The United Nations envoy to Syria, Staffan de Mistura, has continued what he described as his “diligent efforts” to reach a solution for the thorny, 6-year-old Syrian issue, in an effort not to join the list of failures upon which have been written the names of the previous envoys Lakhdar Brahimi and Kofi Annan.
It appears, through the statements issued by de Mistura, that he has not been able so far to play a real role in what can be described as “mediation” between the opposition and the regime, and in preparing a path for the two sides to reach a solution. This has been reflected in his repeated frustration over the proposals and initiatives which he has put forward and which have not been without clandestine attempts to bolster the position of the Assad regime in some instances or to satisfy the allies of the regime in others, especially Russia.
Since de Mistura undertook the position in 2014, the U.N. envoy has jumped between various positions and statements which have sparked the ire of the Syrian opposition, especially in February 2015 when he said that “Assad is part of the solution in Syria.” The envoy was severely criticized for his remarks and pushed to justify his statement days later in a manner that analysts described as unprofessional. De Mistura said at the time that he had communicated with the former president of the Syrian National Coalition, Khaled Khoja and said that this statement was intended to drag Assad toward the circle of the solution and to involve him in the beginning of a political solution, adding that the comment was not meant literally.
If the aim of de Mistura’s statement was to spark political maneuvering, the Syrian opposition has expressed its frequent misgivings about the ideas which the U.N. envoy proposed for the solution in Syria, especially given that he had begun to enter details into the political process which distance it from its basic goals as stipulated in the Geneva declaration and agreed upon internationally, calling for the formation of a fully empowered transitional governing authority — something Assad rejects.

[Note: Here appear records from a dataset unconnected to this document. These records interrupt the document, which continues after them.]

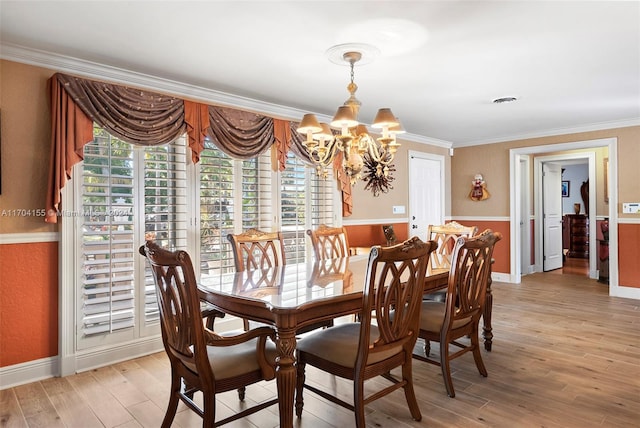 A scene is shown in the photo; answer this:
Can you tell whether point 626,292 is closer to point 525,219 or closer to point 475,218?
point 525,219

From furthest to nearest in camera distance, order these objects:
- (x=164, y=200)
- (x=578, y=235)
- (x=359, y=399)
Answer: (x=578, y=235) → (x=164, y=200) → (x=359, y=399)

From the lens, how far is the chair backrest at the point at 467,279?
8.03 ft

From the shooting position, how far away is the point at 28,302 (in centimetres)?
281

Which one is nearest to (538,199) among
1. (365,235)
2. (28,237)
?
(365,235)

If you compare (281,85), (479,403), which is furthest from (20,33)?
(479,403)

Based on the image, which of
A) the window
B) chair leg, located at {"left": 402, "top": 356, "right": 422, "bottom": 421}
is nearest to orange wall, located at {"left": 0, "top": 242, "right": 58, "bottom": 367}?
the window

De Mistura has repeatedly tried to remove Assad from the circle of danger and to remove him from power, as he proposed in a September 2015 plan for a solution in Syria which included two documents, the first containing the executive framework for the Geneva declaration, and the second framing the work of four groups of issues (peace and defense, political and legal issues, military and counterterrorism affairs, and rebuilding and development). However it was completely devoid of any call for Assad’s departure, and indeed he was proposed as a partner in the political process despite the massacres which the regime has committed.
It was notable in this plan that de Mistura gave the Assad regime powers to choose members which would negotiate in its name, while this right was confiscated for the opposition, as he said that he would choose himself who would represent them, which was met with categorical rejection from opposition members.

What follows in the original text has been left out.